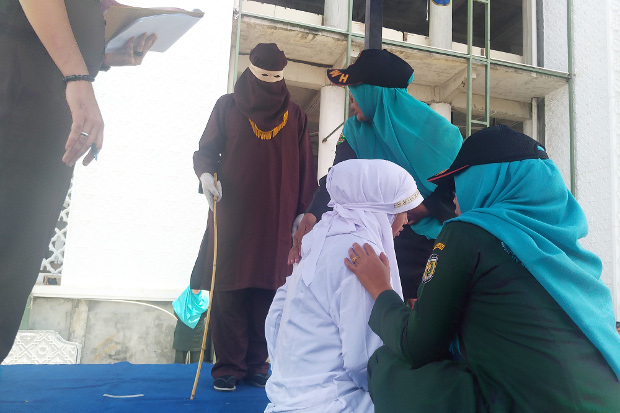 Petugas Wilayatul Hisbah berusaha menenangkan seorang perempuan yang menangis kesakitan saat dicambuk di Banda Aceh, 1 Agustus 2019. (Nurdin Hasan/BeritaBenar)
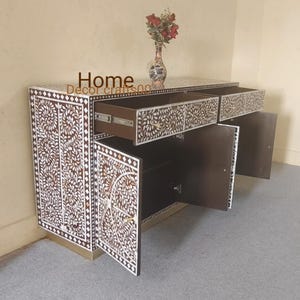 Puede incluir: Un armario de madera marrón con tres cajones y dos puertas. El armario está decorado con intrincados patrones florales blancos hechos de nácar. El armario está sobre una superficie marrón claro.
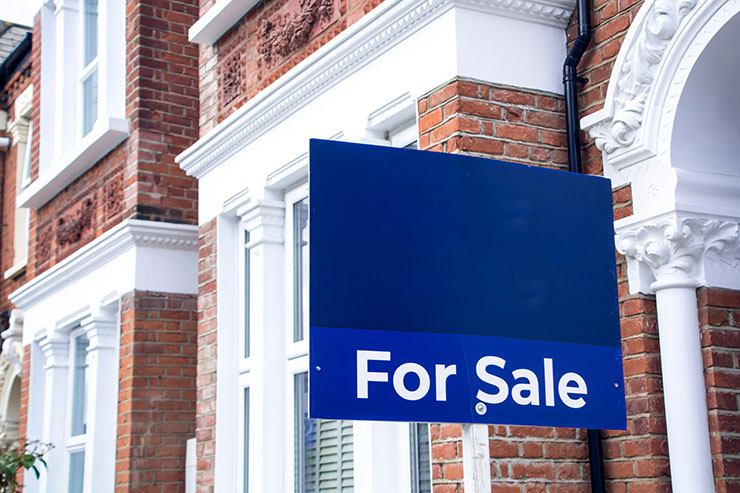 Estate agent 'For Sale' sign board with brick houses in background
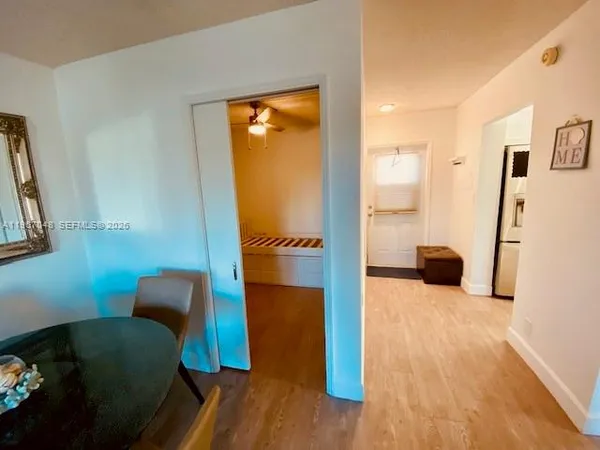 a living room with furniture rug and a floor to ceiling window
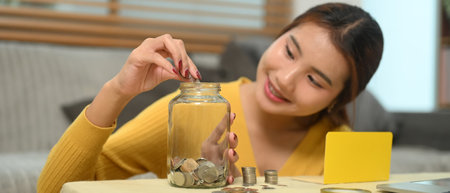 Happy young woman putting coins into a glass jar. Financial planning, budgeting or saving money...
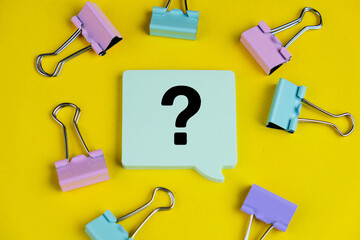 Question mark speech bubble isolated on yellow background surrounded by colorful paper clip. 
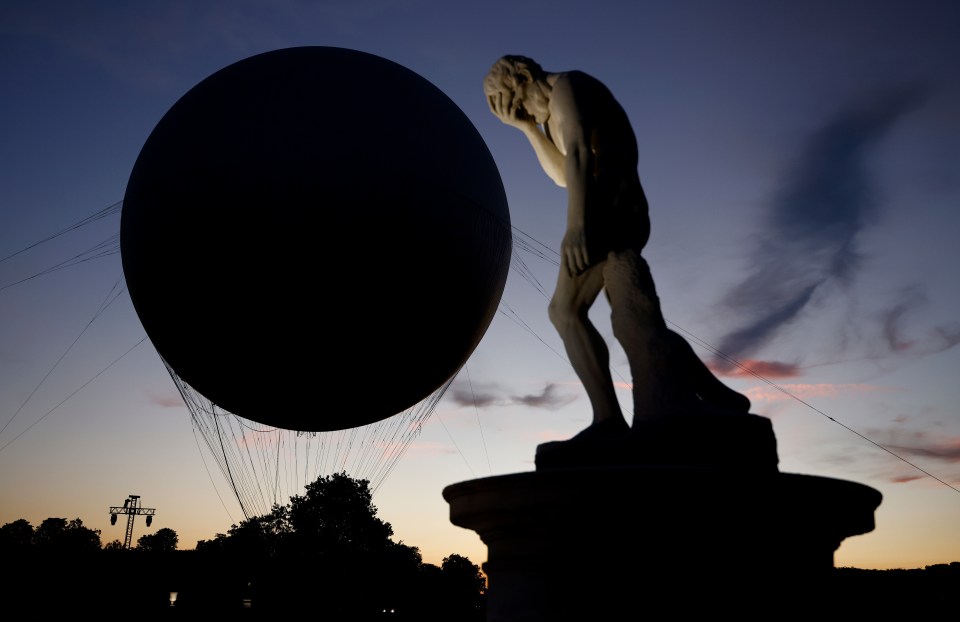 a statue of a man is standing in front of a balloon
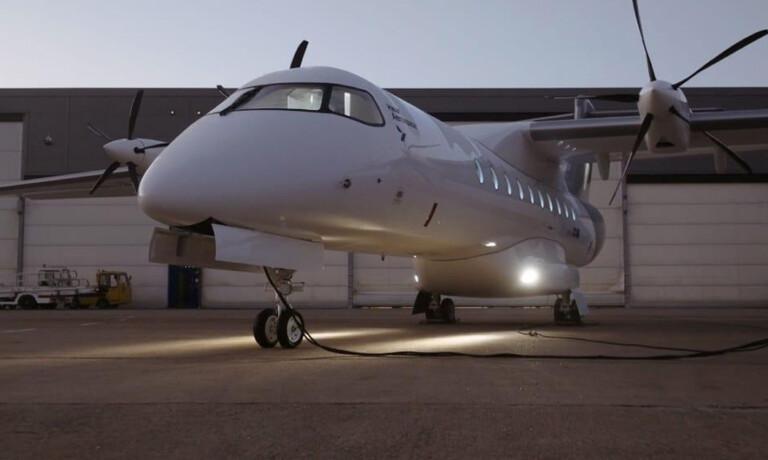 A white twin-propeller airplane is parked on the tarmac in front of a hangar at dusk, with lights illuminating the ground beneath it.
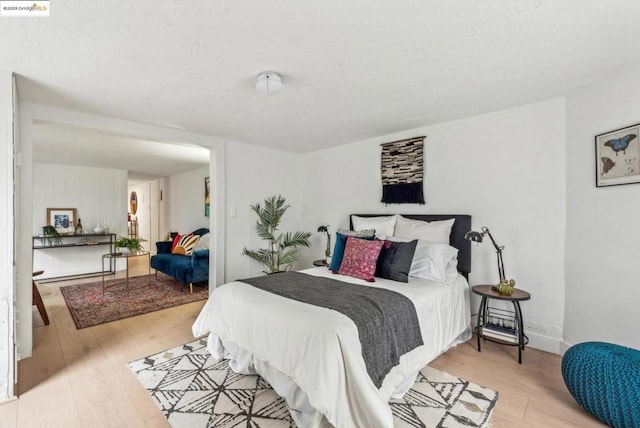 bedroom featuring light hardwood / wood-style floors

> **WHAT YOU NEED TO DO**: Reproduce the entries above without change, omitting all pictures.

> **EXPECTED OUTPUT**:
 Petugas Wilayatul Hisbah berusaha menenangkan seorang perempuan yang menangis kesakitan saat dicambuk di Banda Aceh, 1 Agustus 2019. (Nurdin Hasan/BeritaBenar)
 Puede incluir: Un armario de madera marrón con tres cajones y dos puertas. El armario está decorado con intrincados patrones florales blancos hechos de nácar. El armario está sobre una superficie marrón claro.
 Estate agent 'For Sale' sign board with brick houses in background
 a living room with furniture rug and a floor to ceiling window
 Happy young woman putting coins into a glass jar. Financial planning, budgeting or saving money...
 Question mark speech bubble isolated on yellow background surrounded by colorful paper clip. 
 a statue of a man is standing in front of a balloon
 A white twin-propeller airplane is parked on the tarmac in front of a hangar at dusk, with lights illuminating the ground beneath it.
 bedroom featuring light hardwood / wood-style floors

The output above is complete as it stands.